Georgia readies its troops after raids in separatist province
Posted: 09 July 2004 0235 hrs
VANATI, Georgia : Georgia poised its troops to move into the province of South Ossetia after an armed raid at a village enflamed tensions between Tbilisi and its separatist region to a point not seen in years.
President Mikhail Saakashvili rushed back from a state visit to Iran to take charge of the situation after a group of separatists disarmed a unit of Georgian peacekeepers at gunpoint.
It was the latest in a string of clashes that has raised fears that South Ossetia could erupt into armed conflict in the volatile region and Georgian officials said they had held talks on the crisis with top European and US officials.
The tiny mountainous northern province, on the border with Russia, is the scene of a tense three-way standoff between Georgia, South Ossetia's self-proclaimed breakaway regime and Russian peacekeepers who many in Georgia suspect of siding with the separatists.
Early Thursday, armed men entered the South Ossetian village of Vanati -- east of the capital Tskhinvali and populated by ethnic Georgians -- and disarmed a group of 30 to 40 Georgian members of a peacekeeping force stationed there.
Georgian Prime Minister Zurab Zhvania described the raid on Vanati as "an unprecedented insolent provocation implemented personally by (Ossetian separatist leader Eduard) Kokoity."
"We are still hoping for a peaceful resolution of the conflict," Zhvania told reporters late Thursday after meeting with power ministries. But "we have plenty of strength to defend our people and have the ability to stop the Ossetian side's aggression and provocations."
South Ossetia's self-declared government defended the raid and vowed more, saying the detained men were troublemakers masquerading as members of the joint Russian, Georgian and Ossetian peacekeeping force.
"We are on the edge of widescale military action," RIA Novosti reported Ossetia's chief Eduard Kokoity as saying.
"A series of these actions will be held throughout South Ossetia to clean the republic of these bands that call themselves part of the interior ministry or defense ministry," Ossetia's interior minister Robert Guliyev vowed in televised comments.
Television images showed the group of several dozen men in blue shirts being forced to their knees with hands behind their heads in order for television crews to film them in South Ossetia's main city Tskhinvali.
Georgia said Russia -- which has become an effective protector of the rebel province -- was partly responsible for the escalation.
"We place responsibility not only on the criminal government of South Ossetia but also on the country that took upon itself... the peacekeeping mission in the region," Zhvania said.
"We are waiting for concrete results," he said, adding that he had discussed the situation with US Secretary of State Colin Powell and Organization for Security and Cooperation in Europe's chief Solomon Passy.
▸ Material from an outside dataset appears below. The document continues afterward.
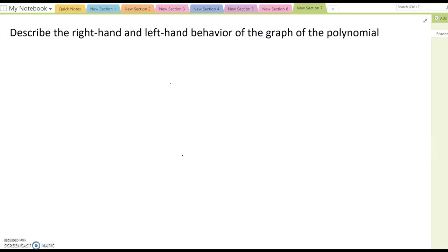This video is talking about the right-hand and left-hand behavior of the graph of polynomials.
"Washington expressed its absolute support for Georgia's position" in the conflict, he said. "The US administration intends to join the talks with the Russian administration on this issue."
Moscow, the region's traditional power broker that is vying to keep its influence from slipping away to the US, called for calm.
"Moscow calls on the sides to show maximum restraint not to allow actions... that could make the situation more difficult," Alexander Yakovenko, Russian foreign ministry spokesman, said in televised comments.
Late Thursday, armed Ossetians were still blocking Vanati, where a crowd of armed men had gathered and periodic shots were heard.
"We want the army to come and defend us," said Nudzar, a resident.
South Ossetia declared independence from Tbilisi after it fought a short civil war with Russian support in the early 1990s.
President Saakashvili, a 36-year-old reformer, has vowed to bring South Ossetia back into the national fold, a move resisted by the separatist region's chief and watched warily by Russia.